4. Finger Stretching
Despite the lack of importance we generally give them, stretching your fingers is an important part of maintaining your joints and limbs, and can help you to avoid major injuries or pulls. There is a very easy stretch you can do any time of the day, and absolutely anywhere. Just hook both index fingers to each other, and pull gently. You can do the same for all fingers on both hands. Just link and pull!
5. Heavy Legs
Regardless of what we’ve come to understand, the first cause for heaviness, numbness and pain in the legs and lower extremities isn’t necessarily something serious, though it can worsen over time. In actuality, a lack of physical movement can lead to muscle pulls, tightened nerves and heaviness of the joints.
There’s a quick stretch you can do on a daily basis to circumvent these completely avoidable issues. Perch yourself on the edge of a chair or stool, any flat surface really. Stretch one leg forward and slowly bend toward your outstretched leg. Don’t strain too much, and hold for ten seconds. Then switch to the other leg.

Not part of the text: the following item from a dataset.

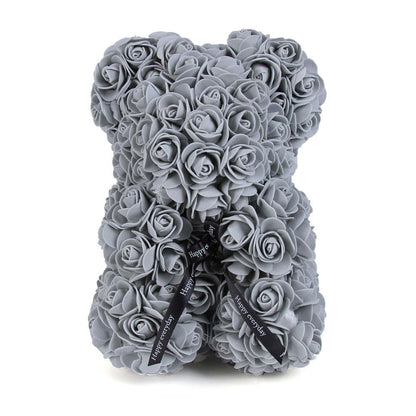 Gray rose teddy bear with black bow ribbon and small heart tags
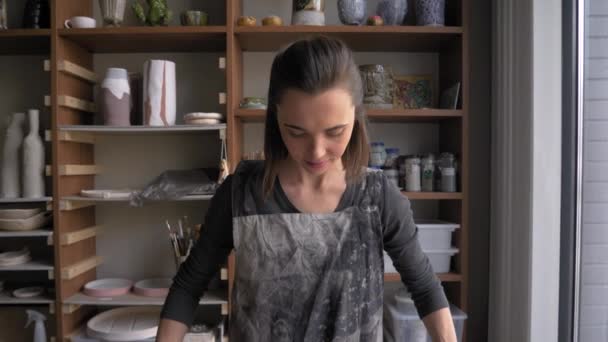 Frau, die mit Ton arbeitet, rollt Ton mit Nudelholz aus — Stockvideo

6. Thighs and Buttocks Pain
These areas, along with the spine, are often the most affected by sitting all day,whether its in front of a screen or on a train. Whenever you’re at home, you must try this stretch which gives you a great chance to relax while also working out these major parts of your body. Lie down (ideally on a yoga mat), with a pillow under your neck.
Lie down straight with your back on the ground. Bend one knee, and place your foot flat on the ground. Bend your other leg upward and place your ankle on top of your bent knee. Cup your hands around your thighs, or in case you are unable to do so, use a towel to put a little pressure against the thigh of your bent knee. For best results, continue holding for at least 20-30 seconds, and make sure to keep your buttocks on the ground!